Google Research Signals a Shift Toward Pre-Query Search Intent
Search is moving beyond keywords. According to new Google research, the future of search may involve understanding user intent before a query is ever typed.
In a paper presented at EMNLP 2025, Google researchers outline how small, on-device AI models can infer user intent from behavior such as taps, scrolling, and app usage — without relying on large cloud-based models or explicit search queries.
This signals a major evolution in how search systems may work in the years ahead.
From queries to inferred intent
Traditional search assumes intent begins with a query. A user types something, and the system reacts.
Google’s research flips that assumption.
Instead of waiting for a query, search systems could infer intent by observing how users interact with apps and websites over time. Actions like scrolling patterns, repeated visits, screen transitions, and clicks become signals that reveal what a user is trying to accomplish.
This approach enables search to move from reactive to anticipatory.
Why Google is focusing on small, on-device models
Large language models already demonstrate strong intent inference capabilities, but they typically run in the cloud. That introduces three major challenges:
- Latency: Cloud-based models are slower
- Cost: Large models are expensive to run at scale
- Privacy: User behavior data is sensitive
Google’s solution is to push intent understanding onto the device itself using small multimodal models that are faster, cheaper, and privacy-preserving.
The key innovation: decomposing intent understanding
The research shows that intent extraction becomes significantly more accurate when it’s broken into smaller, structured steps.
Instead of asking a single model to reason over an entire session at once, Google separates the task into two focused stages:
Step one: Interaction summarization
Each screen interaction is summarized independently, capturing:
- What appeared on screen
- What action the user took
- A tentative hypothesis about why
Step two: Intent consolidation
A second model reviews only the factual summaries and ignores speculative guesses. It then produces a concise explanation of the user’s overall goal for the session.
This decomposition prevents small models from failing under long or noisy interaction histories — a common limitation in compact AI systems.
How Google measures success differently
Rather than judging whether intent summaries “sound similar” to the correct answer, researchers use a method called Bi-Fact evaluation.

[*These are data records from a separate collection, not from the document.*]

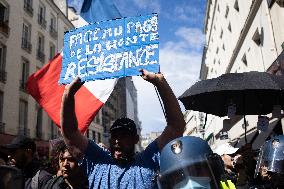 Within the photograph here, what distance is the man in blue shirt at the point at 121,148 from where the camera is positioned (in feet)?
8.87

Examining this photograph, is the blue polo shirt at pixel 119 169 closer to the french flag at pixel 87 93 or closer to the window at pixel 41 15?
the french flag at pixel 87 93

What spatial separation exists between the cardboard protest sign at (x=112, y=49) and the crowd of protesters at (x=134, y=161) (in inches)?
19.5

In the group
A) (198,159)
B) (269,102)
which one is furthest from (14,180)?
(269,102)

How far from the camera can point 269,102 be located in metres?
5.99

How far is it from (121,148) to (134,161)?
0.15m

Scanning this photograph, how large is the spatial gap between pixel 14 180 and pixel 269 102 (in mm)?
5232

This approach breaks intent into discrete facts and evaluates:
- Which facts were captured correctly
- Which were missing
- Which were hallucinated
Using F1 score as the primary metric, the decomposed system consistently outperformed other small-model approaches.
Notably:
- Gemini 1.5 Flash (8B) matched the performance of Gemini 1.5 Pro on mobile behavior data
- Hallucinations dropped sharply because speculative reasoning was removed
- The system ran faster and cheaper than large cloud-based models
Why this matters for the future of search
This research points to a post-query future, where keywords become just one of many signals used to understand intent.
If Google wants AI agents that proactively suggest actions, answers, or next steps, it must understand what users are trying to do — not just what they type.
That requires:
- Interpreting real user journeys
- Understanding behavior across apps and screens
- Inferring goals before explicit input
Search, in this future, becomes ambient and contextual.
What this means for SEO and digital strategy
Keywords aren’t disappearing — but they’re no longer the starting point.
In a world where intent is inferred:
- Clear, logical user journeys matter more
- UX and information architecture become ranking signals
- Content must support understanding, not just discovery
Optimizing for search will increasingly mean optimizing how users move through experiences — not just the words at the end of the journey.
The big takeaway
Google’s research makes one thing clear:
Search is evolving from answering questions to anticipating needs.
As intent extraction moves closer to the device and earlier in the user journey, brands and marketers will need to think beyond keywords and focus on clarity, structure, and usefulness across every touchpoint.
The query won’t disappear — but it won’t be the first signal anymore.